• [EXERCISE DATA]
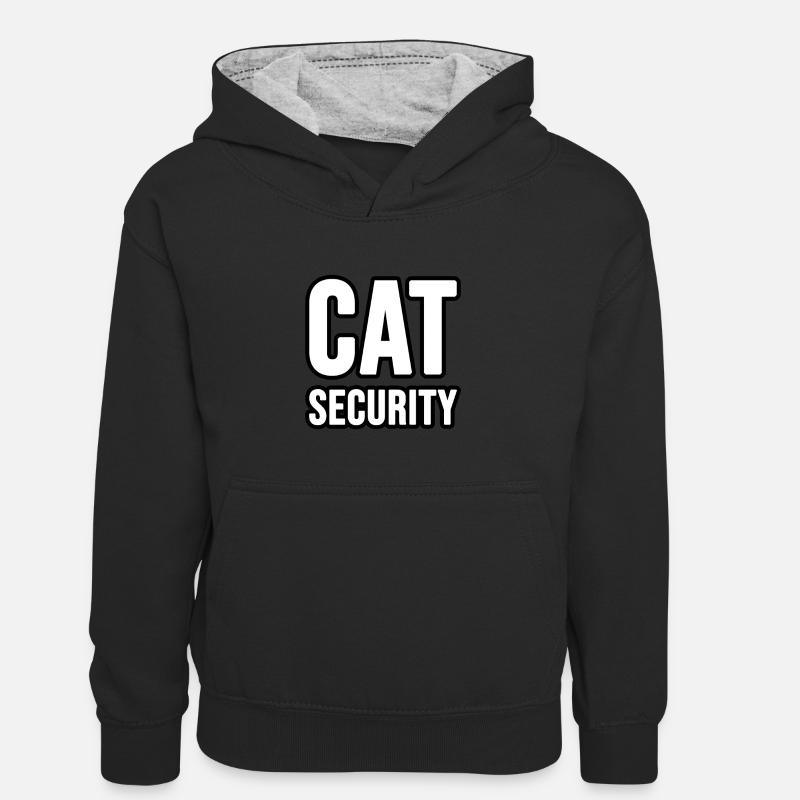 Hunde oder Katzen Security - Kinder Kontrast-Hoodie - Schwarz/Grau meliert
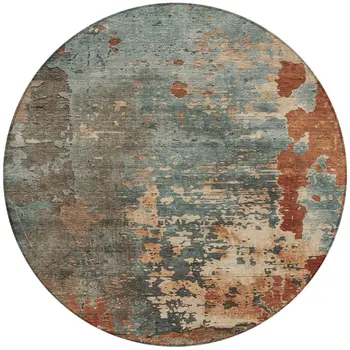 8' Pale Aqua Copper And Beige Round Abstract Washable Indoor Outdoor Area Rug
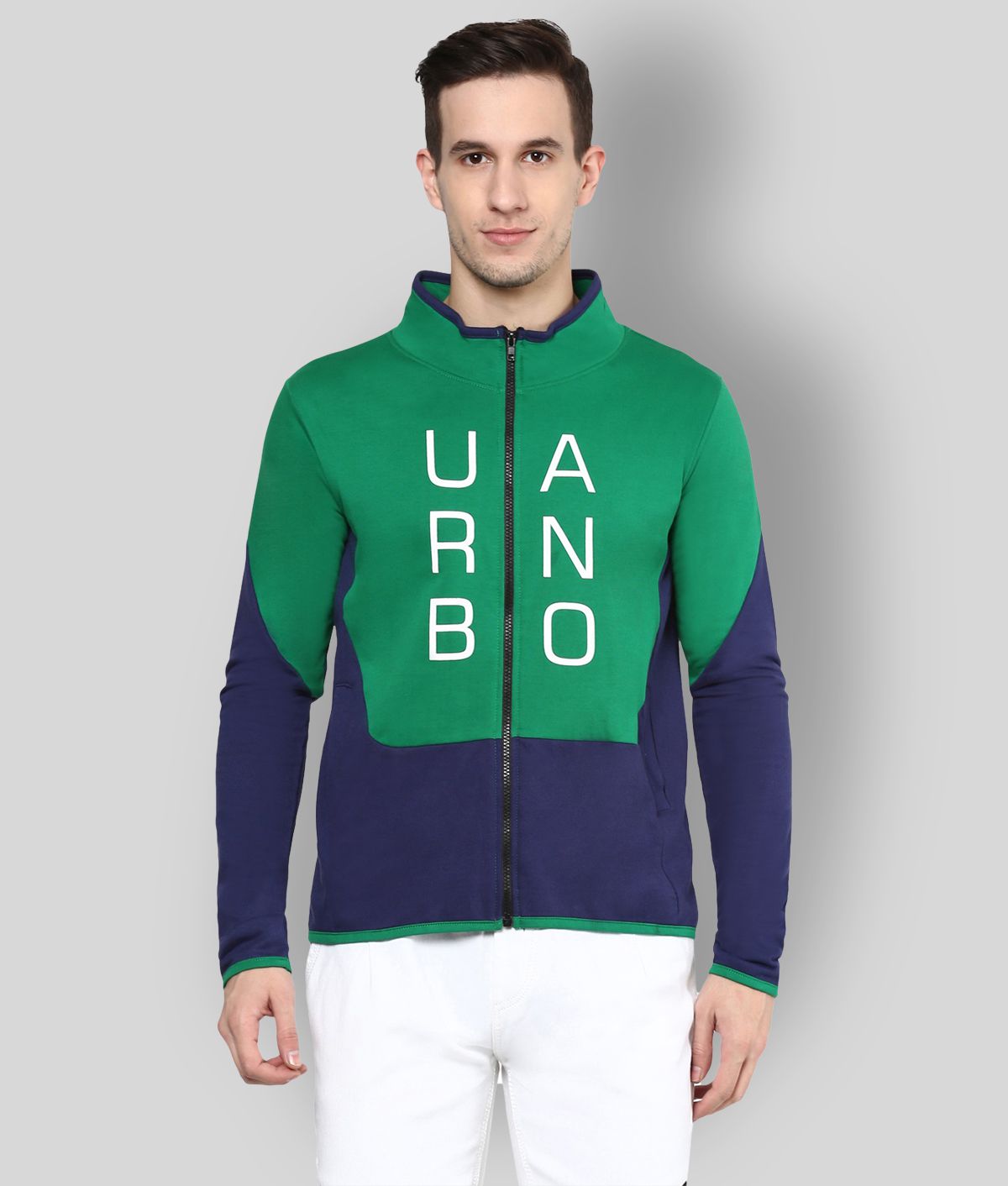     			Urbano Fashion - Green Terry Blend Slim Fit Men's Sweatshirt ( Pack of 1 )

• [GOAL OF THE EXERCISE]
The expected output is exactly the lines from the one containing "8' Pale Aqua" through the last line of the listing, both included, with every picture left out.

• [TASK OUTPUT]
 8' Pale Aqua Copper And Beige Round Abstract Washable Indoor Outdoor Area Rug
     			Urbano Fashion - Green Terry Blend Slim Fit Men's Sweatshirt ( Pack of 1 )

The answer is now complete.